収入印紙は、印紙税を国に納めるための証票です。領収書の金額が5万円以上であるならば、そこに金額に応じた収入印紙を貼る必要があります。

収入印紙は1枚200円であり、郵便局やコンビニなどで購入可能です。購入した段階では印紙税を納税したことにはならず、書類に貼って割印を押したときにようやく納税が完了します。したがって、領収書に貼った収入印紙に割印を押すことは、非常に重要な作業なのです。

割印とは、複数の書類が関連するものだということを証明するために押す印のことです。領収書に収入印紙を貼ったときは、領収書と収入印紙の両方にまたがって押印しなければなりません。この場合の割印は、収入印紙の再利用を防止するための消印の役割も果たしています。

領収書に貼る収入印紙にする割印のやり方

領収書と収入印紙に割印を押すときは、両方にまたがっていれば位置はどこでも問題ありませんが、収入印紙の右横に押印することが多いです。

収入印紙には白い枠がありますが、図柄に割印がかかっていなければ消印の意味がなくなってしまうので要注意です。また、領収書と収入印紙の両方に半分ずつに割印がかかっている状態が、一番好ましいとされています。領収書に収入印紙を複数枚貼る場合の割印は、収入印紙それぞれに押しても2枚に印影がかかるように押しても構いません。

割印は、領収書を発行した人または代理人が、収入印紙を貼ったときに押します。通常印判と呼ばれているものや、氏名などが刻印された日付印、役職名などが書かれたゴム印が使用可能です。

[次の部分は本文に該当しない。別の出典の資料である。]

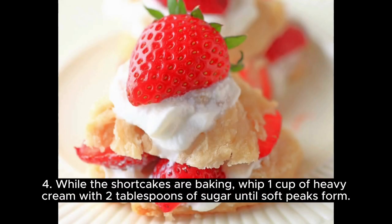While the shortcakes are baking, whip one cup of heavy cream with two tablespoons of sugar until soft peaks form.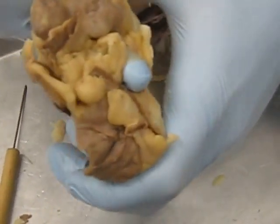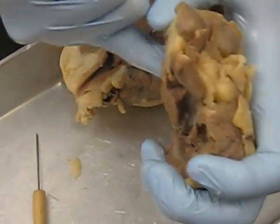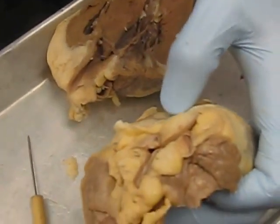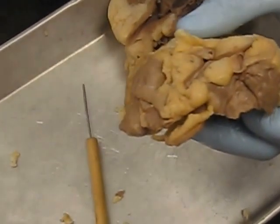Anything that's a semi-lunar valve means it's a valve traveling away from the heart. So from the right ventricle we go through the pulmonary semi-lunar valve, out to the pulmonary artery, to the lungs to get oxygenated, and then oxygenated blood travels back down the pulmonary vein.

また、印鑑がなければ代わりに自筆で署名をしても良いとされています。氏名以外に、通称や商号などで署名をしても良いです。ただし、領収書と収入印紙の関連性がわかりにくくなるため、「印」と書くだけや斜線を入れるだけでは割印を押したことにはなりません。

加えて、鉛筆やシャープペンシル、消えるボールペンなどは使わないようにしましょう。消えるもので署名をすると、再利用が簡単にできてしまいます。署名のときには、消せないように油性のボールペンなどを使用してください。

領収書に収入印紙を貼り忘れたら?

領収書に収入印紙を貼り忘れると、印紙額の3倍の過怠税を払わないといけなくなります。しかし、過怠税が発生する事例はそれだけではありません。収入印紙を貼っていたとしても割印が正しく押せていない場合には、印紙額に相当する過怠税を払うはめになってしまうのです。
過怠税を徴収されないようにするためにも、しっかり正しい方法で割印を押すことを心がけましょう。